# Can goats overfeed on alfalfa hay?



## junkprospector (Sep 19, 2013)

my goats pretty much have access to alfalfa hay free choice. they're 2 little Nigerian Dwarf goats, born in June, so not full grown yet. In two weeks, they've gone through a bale of Hay. I'm wondering if this is a normal consumption rate or if they are gluttonous pigs and need to be rationed. They seem to just love eating. Should i cut them off, of keep it free choice for them?


----------



## SheepGirl (Sep 19, 2013)

How much does the bale weigh? If it is a 40 lb bale, that is 2.85 lbs of hay each day, which is almost 1.5 lbs of hay per goat. That is a normal amount if your goats are 40-50 lbs.


----------



## ksalvagno (Sep 19, 2013)

Do they get any forage or grain? If the only thing they have is hay, that will make a difference too.


----------



## OneFineAcre (Sep 19, 2013)

SheepGirl said:
			
		

> How much does the bale weigh? If it is a 40 lb bale, that is 2.85 lbs of hay each day, which is almost 1.5 lbs of hay per goat. That is a normal amount if your goats are 40-50 lbs.

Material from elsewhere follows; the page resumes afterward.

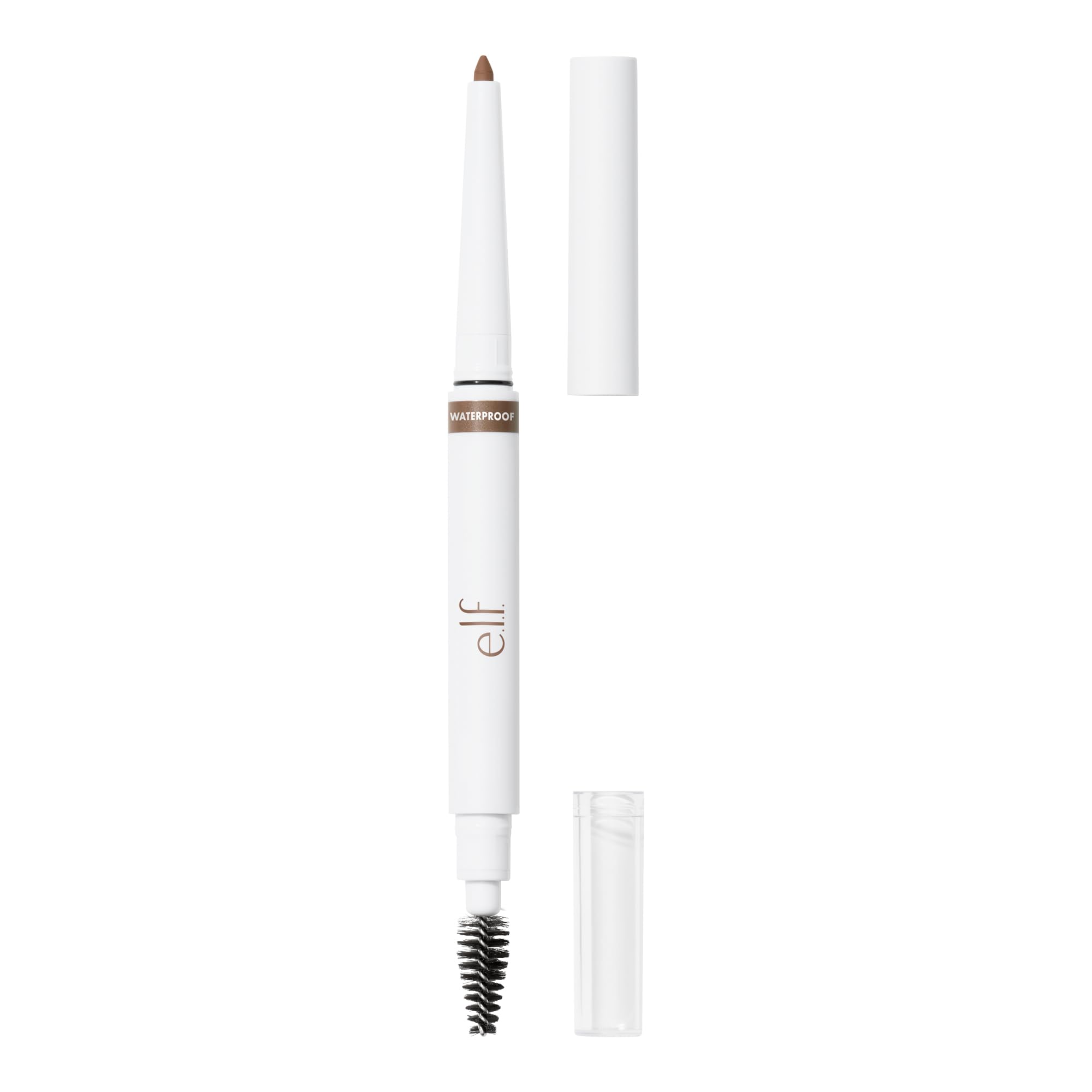 e.l.f. Instant Lift Waterproof Brow Pencil - Long-Lasting Eyebrow Pencil for Grooming & Shaping | Vegan & Cruelty-Free | Taupe | Perfect for Everyday Makeup & Professional Looks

An ND born in June does not weigh 40-50 lbs.  Probably half that.  Of course these may weigh that much if they are eating that much alfalfa


----------



## junkprospector (Sep 19, 2013)

yeah, the goats weigh maybe 20 lbs a piece. no substancial forage or grain... should i add some grain into their feed mix? its probably a 40 lb bale, 48" x 24" x 24" are the dimensions.

maybe 5 lbs to waste i bet..
(35 lbs of hay/14 days = 2.5 lbs of hay eaten a day)
/2 goats = 

1.25 lbs of hay a day per goat (20-25 pound goat)
does that sound about right? I can't remember what percentage of their weight they are supposed to be eating per day...


----------



## elevan (Sep 20, 2013)

A non working / producing goat doesn't _need_ grain.

My goats were fed unlimited alfalfa pellets and unlimited hay in the winter.  In spring thru fall they existed on forage alone.


----------



## junkprospector (Sep 20, 2013)

Yeah, our Doe won't be bred until January, so i think we're OK. I guess i'll just keep an eye on them. Does 1.25 lbs per 20 pound Nigerian Dwarf goat seem about right?


----------



## OneFineAcre (Sep 20, 2013)

Do you think they are too fat?

Show us some pictures

We love pics.

With no substantial forage, you may be feeding them just right.


----------



## Moonshine (Sep 20, 2013)

I know you guys know more than I do about this kind of thing but if they were just born in June and aren't getting any forage, just the hay, wouldn't they need some grain?


----------



## elevan (Sep 21, 2013)

If it's good quality hay then, no they don't need grain.


----------



## junkprospector (Sep 23, 2013)

Here's a pic of the two of them. They look like a healthy weight to me, but i don't have any comparison. they're in good spirits and very playful and affectionate.


----------



## OneFineAcre (Sep 23, 2013)

They look healthy to me.


----------



## elevan (Sep 23, 2013)

x2 on looking healthy!


----------